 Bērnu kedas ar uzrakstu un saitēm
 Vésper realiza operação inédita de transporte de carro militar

-*-

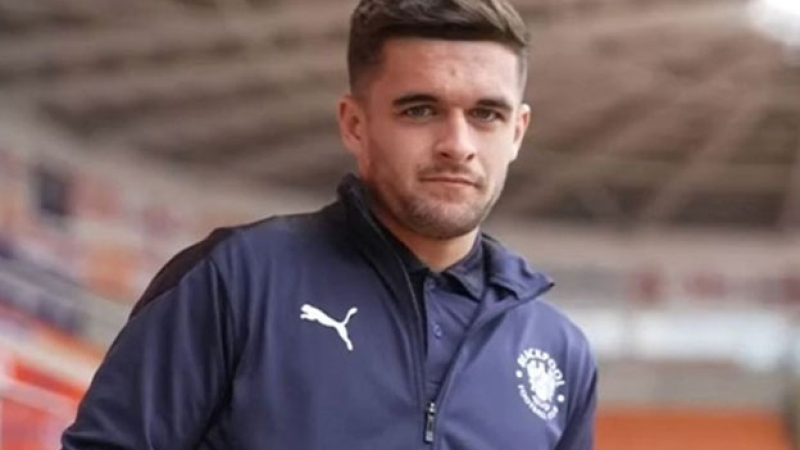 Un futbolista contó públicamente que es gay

-*-

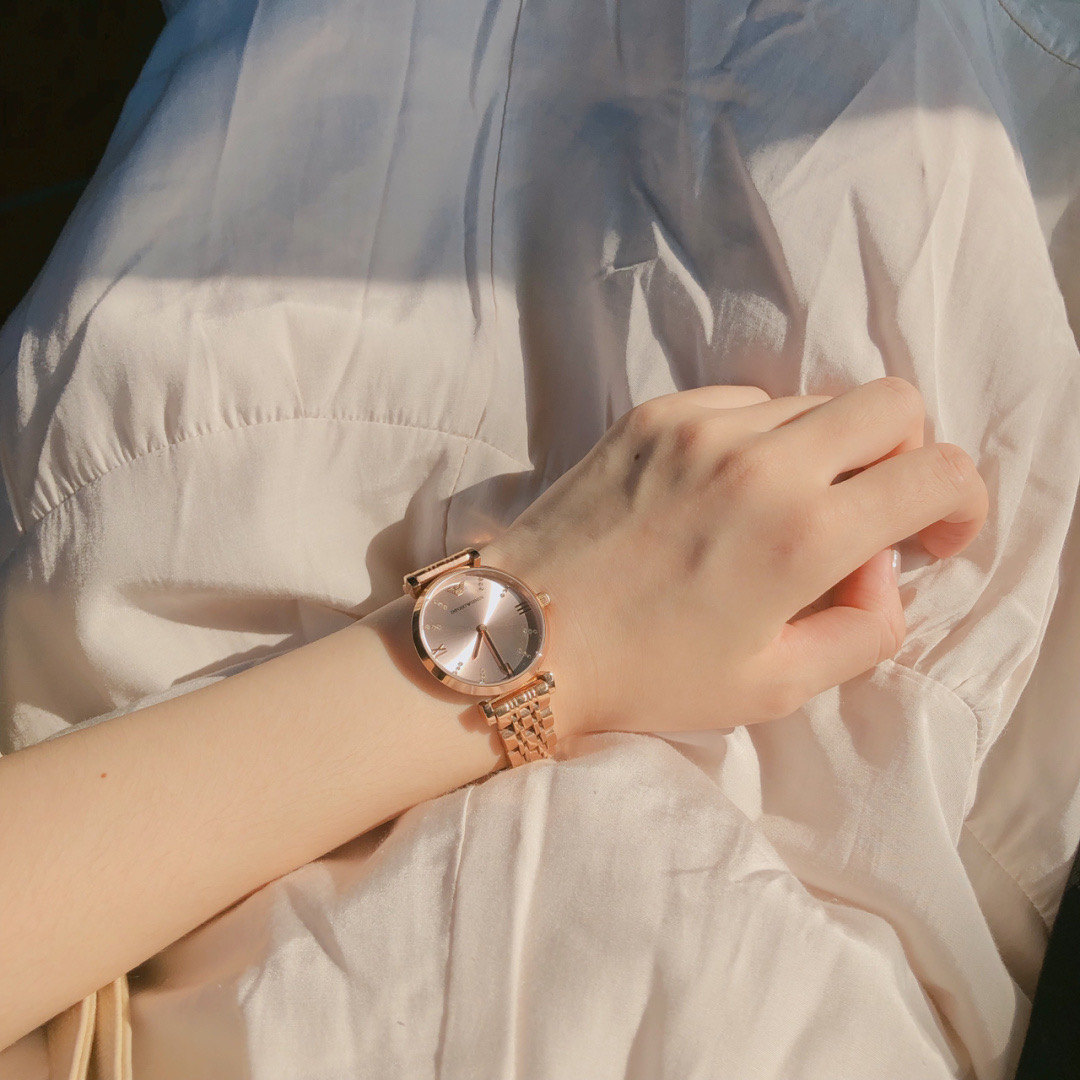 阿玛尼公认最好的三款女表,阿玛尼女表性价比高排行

-*-

• What you are asked to do
Copy back the listing above exactly, but only from the line with "Bērnu kedas ar uzrakstu un saitēm" through the line with "Vésper realiza operação", both ends included.

• Your response
 Bērnu kedas ar uzrakstu un saitēm
 Vésper realiza operação inédita de transporte de carro militar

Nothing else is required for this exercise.